The math for dictionary passphrases is pretty simple. Assuming you choose words uniformly at random: if your dictionary has D words and your oassphrase is N words long, then there are D^N total passphrases.

The total matters because for a random passphrase the best strategy for guessing is to try all (or most) of them. This D^N determines password cracking time.

A simpler way to do this math is with powers of 2. The 1 password dictionary is about 2^14 in size, so for a 6 word password we get 2^{14*6} = 2^84.

Cryptographers tend to treat anything over 2^80 as “probably good enough to secure your Bank of America account” and anything over 2^128 as “probably good enough to secure really important stuff”. I told you there’d be science.

But what about human memorability? Can people memorize such complex passwords? The answer is “yes”, because I just memorized one.

If you don’t accept N=1 studies, then there are a few studies. This one looks at 3-4 word passphrases: https://cups.cs.cmu.edu/soups/2012/proceedings/a7_Shay.pdf

Here is another more recent study that focuses on 56-bit (2^56 strength) 6-word passphrases and discusses strategies that help people memorize them. It turns out that “spaced repetition” (making people learn the password over a period of time) works well enough that many don’t have to write it down. https://www.usenix.org/system/files/conference/usenixsecurity14/sec14-paper-bonneau.pdf

The final barrier is usability: can people actually use passphrases on the Internet? Sadly here the answer is “it depends.” The problem is that many website designers have decided on cargo-cult security procedures like “letters, numbers, special characters required”. Some even institute character limits.

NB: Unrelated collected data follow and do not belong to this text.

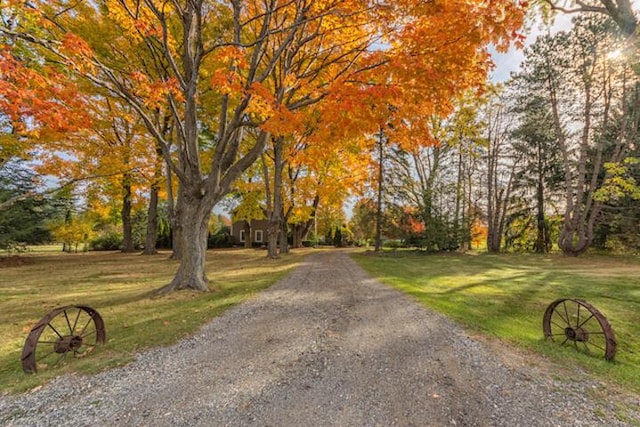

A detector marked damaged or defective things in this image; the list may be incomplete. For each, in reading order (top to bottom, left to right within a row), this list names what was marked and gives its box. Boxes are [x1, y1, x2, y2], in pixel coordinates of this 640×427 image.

rusty metal wagon wheel [21, 304, 106, 374]
rusty metal wagon wheel [544, 300, 616, 362] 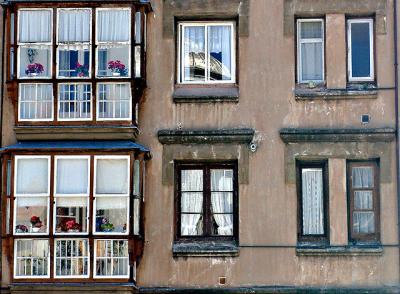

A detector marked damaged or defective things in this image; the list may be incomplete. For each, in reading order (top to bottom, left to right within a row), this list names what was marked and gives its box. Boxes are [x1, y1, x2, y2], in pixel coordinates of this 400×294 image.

paint chipped sill [173, 85, 241, 103]
paint chipped sill [171, 241, 238, 258] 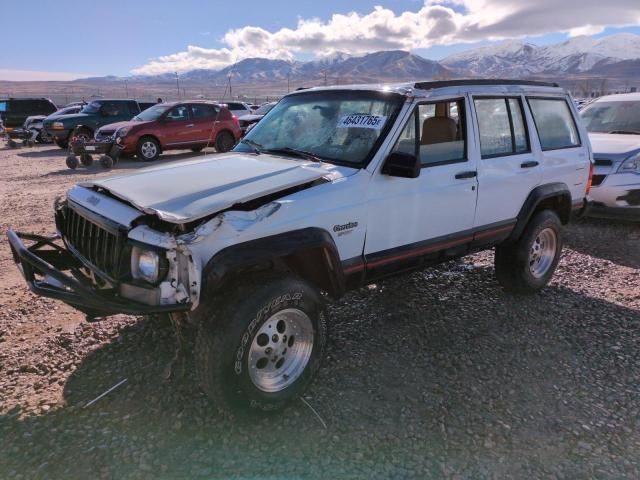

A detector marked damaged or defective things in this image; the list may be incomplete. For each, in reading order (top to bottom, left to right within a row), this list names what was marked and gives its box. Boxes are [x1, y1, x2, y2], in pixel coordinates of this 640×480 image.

crumpled hood [588, 132, 640, 157]
crumpled hood [80, 152, 352, 223]
damaged white jeep cherokee [6, 79, 596, 412] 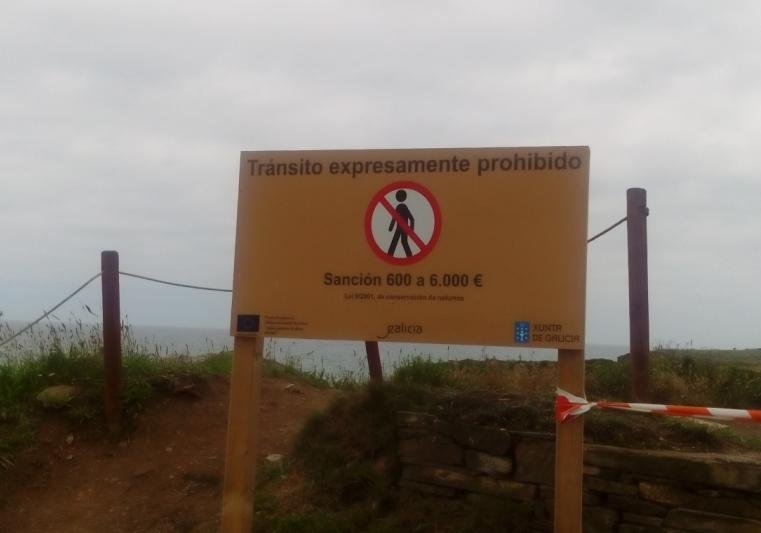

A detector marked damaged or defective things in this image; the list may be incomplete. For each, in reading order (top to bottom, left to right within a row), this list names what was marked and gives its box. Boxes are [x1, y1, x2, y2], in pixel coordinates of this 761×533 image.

rusty metal pole [101, 251, 122, 430]
rusty metal pole [366, 340, 382, 382]
rusty metal pole [628, 187, 652, 400]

If you’re looking for a recommendation here, I would urge you to do the following:

1. Use a good password manager with a strong random 6-8 word master passphrase.
2. Write it down (one safe place) and practice entering it from memory on a regular basis. You will eventually remember it.
3. Let the password manager generate passwords for individual sites.

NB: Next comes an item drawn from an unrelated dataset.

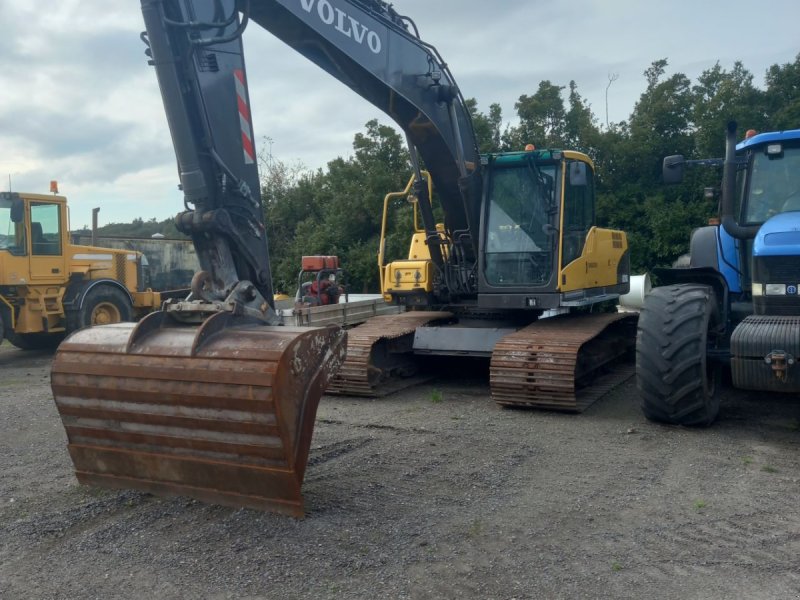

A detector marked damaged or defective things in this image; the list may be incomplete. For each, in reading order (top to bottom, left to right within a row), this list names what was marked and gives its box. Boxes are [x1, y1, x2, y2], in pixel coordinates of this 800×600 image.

rusty steel bucket [50, 310, 346, 516]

There are no guarantees, but this is probably the safest way to keep passwords online.

And finally, as someone reminds me in replies (need quote toot here!): use 2FA/MFA wherever possible. Preferably 2FA/MFA based on an app/YubiKey rather than SMS codes.

(Do not ask me about backing up app 2FA, I don’t have a great answer.)

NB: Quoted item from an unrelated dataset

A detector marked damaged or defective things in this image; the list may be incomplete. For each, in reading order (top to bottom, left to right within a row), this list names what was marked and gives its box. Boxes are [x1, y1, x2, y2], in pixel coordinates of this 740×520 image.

Also re-reading the early part of this thread I was a little fuzzy on how passphrases are generated, argh.

You have a dictionary of D words. You pick one word at random. And then you repeat this process N times. The clarification is: specific words can repeat more than once within a single passphrase. In practice this rarely happens (for large dictionaries) but it would certainly change the math.

@matthew_d_green I don’t think that a word appearing multiple times in a generated password “changes the math” unless you are somehow disallowing such cases. If a word appears multiple times in a list, then you have problems.

@jpgoldberg What I meant is sampling with replacement (D^N), ie each word is sampled independent from the other words and a given word can be chosen twice in the same passphrase. What I originally wrote sounds like sampling without replacement (D choose N), that is: pick N unique words out of the dictionary, one at a time so that a given word only appears once in a passphrase. The number of passphrases is slightly smaller in the second case.

@matthew_d_green, ah. I didn’t read the original as (D choose N) so I misunderstood your correction.

@udunadan That’s why Apple makes you enter it every 24 hours.

Also, the thing about passphrases (and I have no science to back this) is that you don’t really learn them through muscle memory. They’re just too long.